Information shown =>
━━━━
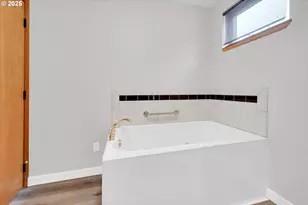 190 Paradise Point Ln, Roseburg, OR 97471 - Photo 19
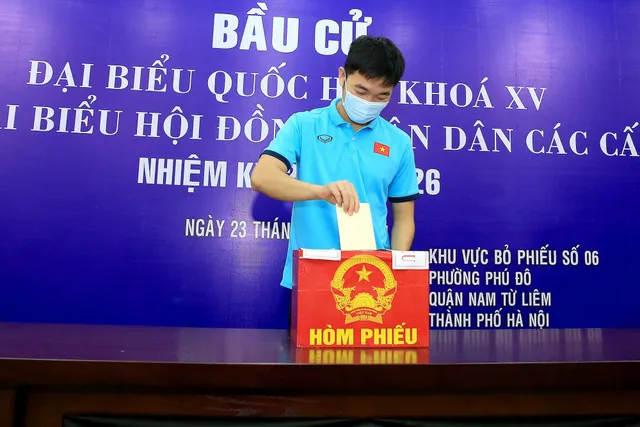 ẢNH: ĐT Việt Nam và ĐT U22 Việt Nam bỏ phiếu bầu ĐBQH khóa XV và đại biểu HĐND các cấp nhiệm kỳ 2021-2026 - Ảnh 11. ẢNH: ĐT Việt Nam và ĐT U22 Việt Nam bỏ phiếu bầu ĐBQH khóa XV và đại biểu HĐND các cấp nhiệm kỳ 2021-2026 - Ảnh 11.
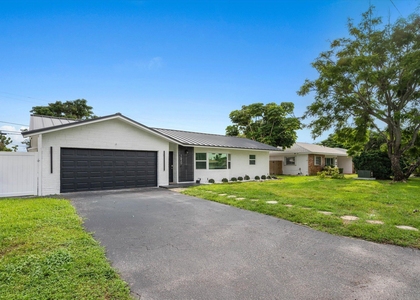 1650 Nw 9th Street - Photo 1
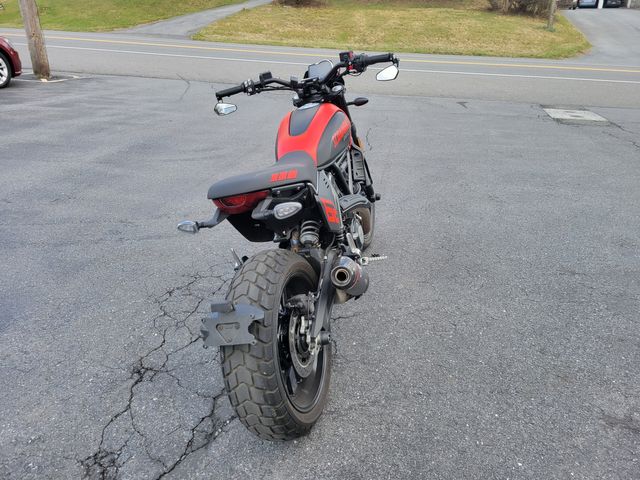2024 DUCATI SCRAMBLER FULL THROTTLE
━━━━
Exercise brief =>
Reproduce every line of the material precisely, omitting its pictures.

Task solution =>
 190 Paradise Point Ln, Roseburg, OR 97471 - Photo 19
 ẢNH: ĐT Việt Nam và ĐT U22 Việt Nam bỏ phiếu bầu ĐBQH khóa XV và đại biểu HĐND các cấp nhiệm kỳ 2021-2026 - Ảnh 11. ẢNH: ĐT Việt Nam và ĐT U22 Việt Nam bỏ phiếu bầu ĐBQH khóa XV và đại biểu HĐND các cấp nhiệm kỳ 2021-2026 - Ảnh 11.
 1650 Nw 9th Street - Photo 1
2024 DUCATI SCRAMBLER FULL THROTTLE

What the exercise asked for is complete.